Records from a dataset
• • • • • • •

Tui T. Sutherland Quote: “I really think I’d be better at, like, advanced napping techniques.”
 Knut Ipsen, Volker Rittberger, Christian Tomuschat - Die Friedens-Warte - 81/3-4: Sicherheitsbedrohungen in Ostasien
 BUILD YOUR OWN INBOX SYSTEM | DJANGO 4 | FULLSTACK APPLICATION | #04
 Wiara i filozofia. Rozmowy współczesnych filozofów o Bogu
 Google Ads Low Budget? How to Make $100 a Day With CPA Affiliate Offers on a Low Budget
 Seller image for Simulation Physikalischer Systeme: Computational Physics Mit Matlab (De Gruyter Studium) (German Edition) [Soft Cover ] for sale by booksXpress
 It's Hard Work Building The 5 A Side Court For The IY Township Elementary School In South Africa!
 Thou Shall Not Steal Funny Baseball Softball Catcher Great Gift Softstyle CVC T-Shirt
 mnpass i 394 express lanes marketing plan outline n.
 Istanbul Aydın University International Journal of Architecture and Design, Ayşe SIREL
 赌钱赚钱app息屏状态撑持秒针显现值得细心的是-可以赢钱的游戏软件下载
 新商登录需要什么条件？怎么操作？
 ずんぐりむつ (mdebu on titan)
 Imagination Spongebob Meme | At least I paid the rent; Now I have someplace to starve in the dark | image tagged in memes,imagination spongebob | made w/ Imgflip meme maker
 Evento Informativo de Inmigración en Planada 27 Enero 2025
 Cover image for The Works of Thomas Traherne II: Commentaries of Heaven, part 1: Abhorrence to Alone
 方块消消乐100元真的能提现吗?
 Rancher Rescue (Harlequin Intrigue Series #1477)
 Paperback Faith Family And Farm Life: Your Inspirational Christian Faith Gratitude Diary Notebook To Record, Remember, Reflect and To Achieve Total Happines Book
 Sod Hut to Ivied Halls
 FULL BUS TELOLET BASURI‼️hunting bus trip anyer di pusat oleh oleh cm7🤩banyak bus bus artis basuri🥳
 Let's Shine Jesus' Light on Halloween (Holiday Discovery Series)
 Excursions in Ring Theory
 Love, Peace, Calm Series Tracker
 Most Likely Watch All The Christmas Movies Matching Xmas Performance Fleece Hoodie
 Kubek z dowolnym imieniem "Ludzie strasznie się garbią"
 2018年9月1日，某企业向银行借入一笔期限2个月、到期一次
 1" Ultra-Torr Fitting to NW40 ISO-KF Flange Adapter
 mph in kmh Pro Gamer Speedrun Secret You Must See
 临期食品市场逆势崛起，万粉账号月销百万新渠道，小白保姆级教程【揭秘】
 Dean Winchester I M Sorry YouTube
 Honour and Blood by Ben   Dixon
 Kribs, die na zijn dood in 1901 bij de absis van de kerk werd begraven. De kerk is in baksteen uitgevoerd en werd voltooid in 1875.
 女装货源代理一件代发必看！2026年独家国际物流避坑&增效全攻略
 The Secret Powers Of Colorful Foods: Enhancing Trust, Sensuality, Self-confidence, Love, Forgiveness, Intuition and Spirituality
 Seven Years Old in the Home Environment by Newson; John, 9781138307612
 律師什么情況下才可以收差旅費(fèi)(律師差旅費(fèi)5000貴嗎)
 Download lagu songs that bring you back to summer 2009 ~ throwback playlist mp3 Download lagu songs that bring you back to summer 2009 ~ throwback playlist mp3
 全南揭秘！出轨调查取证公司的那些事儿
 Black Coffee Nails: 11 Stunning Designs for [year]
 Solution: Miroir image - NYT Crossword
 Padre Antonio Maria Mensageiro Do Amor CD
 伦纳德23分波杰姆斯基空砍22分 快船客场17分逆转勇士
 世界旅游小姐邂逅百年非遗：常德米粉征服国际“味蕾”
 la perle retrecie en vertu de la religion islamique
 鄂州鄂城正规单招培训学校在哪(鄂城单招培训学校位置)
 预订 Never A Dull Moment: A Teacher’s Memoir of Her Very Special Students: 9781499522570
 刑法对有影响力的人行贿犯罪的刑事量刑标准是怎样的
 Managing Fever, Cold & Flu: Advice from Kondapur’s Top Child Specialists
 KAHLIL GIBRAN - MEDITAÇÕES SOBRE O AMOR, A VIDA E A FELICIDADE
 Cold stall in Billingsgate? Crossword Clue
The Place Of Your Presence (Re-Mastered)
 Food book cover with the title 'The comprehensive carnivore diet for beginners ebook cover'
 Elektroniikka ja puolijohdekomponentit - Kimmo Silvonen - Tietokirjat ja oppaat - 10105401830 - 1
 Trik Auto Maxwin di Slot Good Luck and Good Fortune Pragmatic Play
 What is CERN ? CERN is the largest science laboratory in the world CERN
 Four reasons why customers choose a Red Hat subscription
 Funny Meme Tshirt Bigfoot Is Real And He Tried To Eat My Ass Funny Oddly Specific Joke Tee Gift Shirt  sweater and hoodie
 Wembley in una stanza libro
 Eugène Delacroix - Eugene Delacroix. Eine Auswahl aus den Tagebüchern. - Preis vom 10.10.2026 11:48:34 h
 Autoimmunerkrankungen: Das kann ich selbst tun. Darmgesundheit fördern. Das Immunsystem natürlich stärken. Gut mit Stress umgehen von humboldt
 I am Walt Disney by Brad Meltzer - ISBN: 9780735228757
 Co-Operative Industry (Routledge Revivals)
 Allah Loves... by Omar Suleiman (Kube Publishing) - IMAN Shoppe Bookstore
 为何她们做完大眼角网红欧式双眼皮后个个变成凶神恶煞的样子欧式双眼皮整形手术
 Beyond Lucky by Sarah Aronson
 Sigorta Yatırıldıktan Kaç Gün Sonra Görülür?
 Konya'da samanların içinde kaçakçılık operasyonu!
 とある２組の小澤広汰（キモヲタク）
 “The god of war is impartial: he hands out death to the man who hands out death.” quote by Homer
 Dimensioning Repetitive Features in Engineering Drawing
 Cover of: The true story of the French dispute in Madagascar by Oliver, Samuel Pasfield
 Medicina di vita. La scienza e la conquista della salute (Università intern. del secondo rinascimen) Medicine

• • • • • • •

### Task to complete
Output all of the data in full, exactly as given.

### Output
Tui T. Sutherland Quote: “I really think I’d be better at, like, advanced napping techniques.”
 Knut Ipsen, Volker Rittberger, Christian Tomuschat - Die Friedens-Warte - 81/3-4: Sicherheitsbedrohungen in Ostasien
 BUILD YOUR OWN INBOX SYSTEM | DJANGO 4 | FULLSTACK APPLICATION | #04
 Wiara i filozofia. Rozmowy współczesnych filozofów o Bogu
 Google Ads Low Budget? How to Make $100 a Day With CPA Affiliate Offers on a Low Budget
 Seller image for Simulation Physikalischer Systeme: Computational Physics Mit Matlab (De Gruyter Studium) (German Edition) [Soft Cover ] for sale by booksXpress
 It's Hard Work Building The 5 A Side Court For The IY Township Elementary School In South Africa!
 Thou Shall Not Steal Funny Baseball Softball Catcher Great Gift Softstyle CVC T-Shirt
 mnpass i 394 express lanes marketing plan outline n.
 Istanbul Aydın University International Journal of Architecture and Design, Ayşe SIREL
 赌钱赚钱app息屏状态撑持秒针显现值得细心的是-可以赢钱的游戏软件下载
 新商登录需要什么条件？怎么操作？
 ずんぐりむつ (mdebu on titan)
 Imagination Spongebob Meme | At least I paid the rent; Now I have someplace to starve in the dark | image tagged in memes,imagination spongebob | made w/ Imgflip meme maker
 Evento Informativo de Inmigración en Planada 27 Enero 2025
 Cover image for The Works of Thomas Traherne II: Commentaries of Heaven, part 1: Abhorrence to Alone
 方块消消乐100元真的能提现吗?
 Rancher Rescue (Harlequin Intrigue Series #1477)
 Paperback Faith Family And Farm Life: Your Inspirational Christian Faith Gratitude Diary Notebook To Record, Remember, Reflect and To Achieve Total Happines Book
 Sod Hut to Ivied Halls
 FULL BUS TELOLET BASURI‼️hunting bus trip anyer di pusat oleh oleh cm7🤩banyak bus bus artis basuri🥳
 Let's Shine Jesus' Light on Halloween (Holiday Discovery Series)
 Excursions in Ring Theory
 Love, Peace, Calm Series Tracker
 Most Likely Watch All The Christmas Movies Matching Xmas Performance Fleece Hoodie
 Kubek z dowolnym imieniem "Ludzie strasznie się garbią"
 2018年9月1日，某企业向银行借入一笔期限2个月、到期一次
 1" Ultra-Torr Fitting to NW40 ISO-KF Flange Adapter
 mph in kmh Pro Gamer Speedrun Secret You Must See
 临期食品市场逆势崛起，万粉账号月销百万新渠道，小白保姆级教程【揭秘】
 Dean Winchester I M Sorry YouTube
 Honour and Blood by Ben   Dixon
 Kribs, die na zijn dood in 1901 bij de absis van de kerk werd begraven. De kerk is in baksteen uitgevoerd en werd voltooid in 1875.
 女装货源代理一件代发必看！2026年独家国际物流避坑&增效全攻略
 The Secret Powers Of Colorful Foods: Enhancing Trust, Sensuality, Self-confidence, Love, Forgiveness, Intuition and Spirituality
 Seven Years Old in the Home Environment by Newson; John, 9781138307612
 律師什么情況下才可以收差旅費(fèi)(律師差旅費(fèi)5000貴嗎)
 Download lagu songs that bring you back to summer 2009 ~ throwback playlist mp3 Download lagu songs that bring you back to summer 2009 ~ throwback playlist mp3
 全南揭秘！出轨调查取证公司的那些事儿
 Black Coffee Nails: 11 Stunning Designs for [year]
 Solution: Miroir image - NYT Crossword
 Padre Antonio Maria Mensageiro Do Amor CD
 伦纳德23分波杰姆斯基空砍22分 快船客场17分逆转勇士
 世界旅游小姐邂逅百年非遗：常德米粉征服国际“味蕾”
 la perle retrecie en vertu de la religion islamique
 鄂州鄂城正规单招培训学校在哪(鄂城单招培训学校位置)
 预订 Never A Dull Moment: A Teacher’s Memoir of Her Very Special Students: 9781499522570
 刑法对有影响力的人行贿犯罪的刑事量刑标准是怎样的
 Managing Fever, Cold & Flu: Advice from Kondapur’s Top Child Specialists
 KAHLIL GIBRAN - MEDITAÇÕES SOBRE O AMOR, A VIDA E A FELICIDADE
 Cold stall in Billingsgate? Crossword Clue
The Place Of Your Presence (Re-Mastered)
 Food book cover with the title 'The comprehensive carnivore diet for beginners ebook cover'
 Elektroniikka ja puolijohdekomponentit - Kimmo Silvonen - Tietokirjat ja oppaat - 10105401830 - 1
 Trik Auto Maxwin di Slot Good Luck and Good Fortune Pragmatic Play
 What is CERN ? CERN is the largest science laboratory in the world CERN
 Four reasons why customers choose a Red Hat subscription
 Funny Meme Tshirt Bigfoot Is Real And He Tried To Eat My Ass Funny Oddly Specific Joke Tee Gift Shirt  sweater and hoodie
 Wembley in una stanza libro
 Eugène Delacroix - Eugene Delacroix. Eine Auswahl aus den Tagebüchern. - Preis vom 10.10.2026 11:48:34 h
 Autoimmunerkrankungen: Das kann ich selbst tun. Darmgesundheit fördern. Das Immunsystem natürlich stärken. Gut mit Stress umgehen von humboldt
 I am Walt Disney by Brad Meltzer - ISBN: 9780735228757
 Co-Operative Industry (Routledge Revivals)
 Allah Loves... by Omar Suleiman (Kube Publishing) - IMAN Shoppe Bookstore
 为何她们做完大眼角网红欧式双眼皮后个个变成凶神恶煞的样子欧式双眼皮整形手术
 Beyond Lucky by Sarah Aronson
 Sigorta Yatırıldıktan Kaç Gün Sonra Görülür?
 Konya'da samanların içinde kaçakçılık operasyonu!
 とある２組の小澤広汰（キモヲタク）
 “The god of war is impartial: he hands out death to the man who hands out death.” quote by Homer
 Dimensioning Repetitive Features in Engineering Drawing
 Cover of: The true story of the French dispute in Madagascar by Oliver, Samuel Pasfield
 Medicina di vita. La scienza e la conquista della salute (Università intern. del secondo rinascimen) Medicine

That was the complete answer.